Nuvuktiqpaaraaluk

Geography
- Location: Hudson Strait
- Coordinates: 62°42′57″N 69°43′44″W﻿ / ﻿62.71583°N 69.72889°W
- Archipelago: Arctic Archipelago

Administration
- Canada
- Territory: Nunavut
- Region: Qikiqtaaluk

Demographics
- Population: Uninhabited

= Nuvuktiqpaaraaluk =

Island in Nunavut, Canada

Nuvuktiqpaaraaluk (Inuktitut syllabics: ᓄᕗᒃᑎᖅᐹᕌᓗᒃ) formerly Nuvursirpaaraaluk Island is an uninhabited island located in the Qikiqtaaluk Region, Nunavut, Canada. It is a Baffin Island offshore island in Hudson Strait. The closest community is Kimmirut, 17 km away.
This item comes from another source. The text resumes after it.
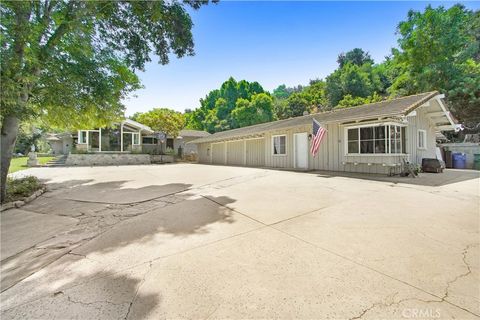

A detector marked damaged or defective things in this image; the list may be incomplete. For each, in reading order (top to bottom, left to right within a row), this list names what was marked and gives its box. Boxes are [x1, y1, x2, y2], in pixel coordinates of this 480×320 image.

cracked concrete [1, 164, 478, 318]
Other islands in the immediate vicinity include: Lavoie Island, Wishart Island, Black Bluff Island, Kaavvijjuaq, Qaqqannalik, Poodlatee Island, Anguttuaq, Aulatsiviit, Ijjuriktuq, Ivvitsa, Takijualuk, Kinngarjuaq, and Uugalautiit Island.